■ Work instructions: Write out exactly the lines from the start of the entries through the one that contains "Sharp pleats lend", including both.

[Data for review]

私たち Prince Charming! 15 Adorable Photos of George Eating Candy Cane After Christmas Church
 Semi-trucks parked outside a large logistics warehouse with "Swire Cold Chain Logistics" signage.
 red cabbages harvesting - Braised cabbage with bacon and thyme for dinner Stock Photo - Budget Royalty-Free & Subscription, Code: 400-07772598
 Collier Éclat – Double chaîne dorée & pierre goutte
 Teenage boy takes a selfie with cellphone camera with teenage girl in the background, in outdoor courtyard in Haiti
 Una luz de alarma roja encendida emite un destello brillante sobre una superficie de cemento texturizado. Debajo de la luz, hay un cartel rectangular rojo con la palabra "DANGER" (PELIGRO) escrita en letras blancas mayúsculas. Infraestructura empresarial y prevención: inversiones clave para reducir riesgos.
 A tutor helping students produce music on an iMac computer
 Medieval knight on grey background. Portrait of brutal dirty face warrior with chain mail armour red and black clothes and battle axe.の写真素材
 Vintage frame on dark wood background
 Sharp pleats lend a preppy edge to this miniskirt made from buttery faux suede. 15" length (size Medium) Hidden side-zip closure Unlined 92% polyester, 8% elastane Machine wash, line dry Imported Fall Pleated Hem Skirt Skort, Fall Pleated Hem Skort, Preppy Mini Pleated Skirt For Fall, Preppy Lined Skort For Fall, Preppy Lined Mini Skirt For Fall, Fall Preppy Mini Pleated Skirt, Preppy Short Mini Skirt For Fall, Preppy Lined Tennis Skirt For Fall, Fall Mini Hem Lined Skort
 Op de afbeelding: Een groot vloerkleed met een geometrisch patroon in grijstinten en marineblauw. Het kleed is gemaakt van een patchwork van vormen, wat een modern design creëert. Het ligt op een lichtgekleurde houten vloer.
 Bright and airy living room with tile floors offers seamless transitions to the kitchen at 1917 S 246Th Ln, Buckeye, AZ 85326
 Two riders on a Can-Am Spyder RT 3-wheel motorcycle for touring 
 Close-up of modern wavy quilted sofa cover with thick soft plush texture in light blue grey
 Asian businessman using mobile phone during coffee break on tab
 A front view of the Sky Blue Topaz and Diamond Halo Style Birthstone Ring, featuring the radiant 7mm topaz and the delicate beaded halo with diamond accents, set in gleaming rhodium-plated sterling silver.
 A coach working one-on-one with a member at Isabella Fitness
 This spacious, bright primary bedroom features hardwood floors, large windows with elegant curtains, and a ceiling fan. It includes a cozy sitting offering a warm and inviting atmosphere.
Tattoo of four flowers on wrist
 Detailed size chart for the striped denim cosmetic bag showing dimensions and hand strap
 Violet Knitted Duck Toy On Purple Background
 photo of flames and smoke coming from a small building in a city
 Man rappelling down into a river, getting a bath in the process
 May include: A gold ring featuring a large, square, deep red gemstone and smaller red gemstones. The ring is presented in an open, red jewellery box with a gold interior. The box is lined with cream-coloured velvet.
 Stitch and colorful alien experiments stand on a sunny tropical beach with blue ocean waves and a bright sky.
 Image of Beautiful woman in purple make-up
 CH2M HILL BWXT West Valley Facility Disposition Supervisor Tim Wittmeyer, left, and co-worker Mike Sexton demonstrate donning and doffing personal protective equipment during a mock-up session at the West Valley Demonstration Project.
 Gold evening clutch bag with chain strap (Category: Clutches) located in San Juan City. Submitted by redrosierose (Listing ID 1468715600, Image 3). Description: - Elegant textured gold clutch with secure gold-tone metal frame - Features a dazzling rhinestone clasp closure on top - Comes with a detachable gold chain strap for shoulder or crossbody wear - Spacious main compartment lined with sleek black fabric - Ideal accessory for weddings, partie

[/Data for review]

■ Exercise output:
私たち Prince Charming! 15 Adorable Photos of George Eating Candy Cane After Christmas Church
 Semi-trucks parked outside a large logistics warehouse with "Swire Cold Chain Logistics" signage.
 red cabbages harvesting - Braised cabbage with bacon and thyme for dinner Stock Photo - Budget Royalty-Free & Subscription, Code: 400-07772598
 Collier Éclat – Double chaîne dorée & pierre goutte
 Teenage boy takes a selfie with cellphone camera with teenage girl in the background, in outdoor courtyard in Haiti
 Una luz de alarma roja encendida emite un destello brillante sobre una superficie de cemento texturizado. Debajo de la luz, hay un cartel rectangular rojo con la palabra "DANGER" (PELIGRO) escrita en letras blancas mayúsculas. Infraestructura empresarial y prevención: inversiones clave para reducir riesgos.
 A tutor helping students produce music on an iMac computer
 Medieval knight on grey background. Portrait of brutal dirty face warrior with chain mail armour red and black clothes and battle axe.の写真素材
 Vintage frame on dark wood background
 Sharp pleats lend a preppy edge to this miniskirt made from buttery faux suede. 15" length (size Medium) Hidden side-zip closure Unlined 92% polyester, 8% elastane Machine wash, line dry Imported Fall Pleated Hem Skirt Skort, Fall Pleated Hem Skort, Preppy Mini Pleated Skirt For Fall, Preppy Lined Skort For Fall, Preppy Lined Mini Skirt For Fall, Fall Preppy Mini Pleated Skirt, Preppy Short Mini Skirt For Fall, Preppy Lined Tennis Skirt For Fall, Fall Mini Hem Lined Skort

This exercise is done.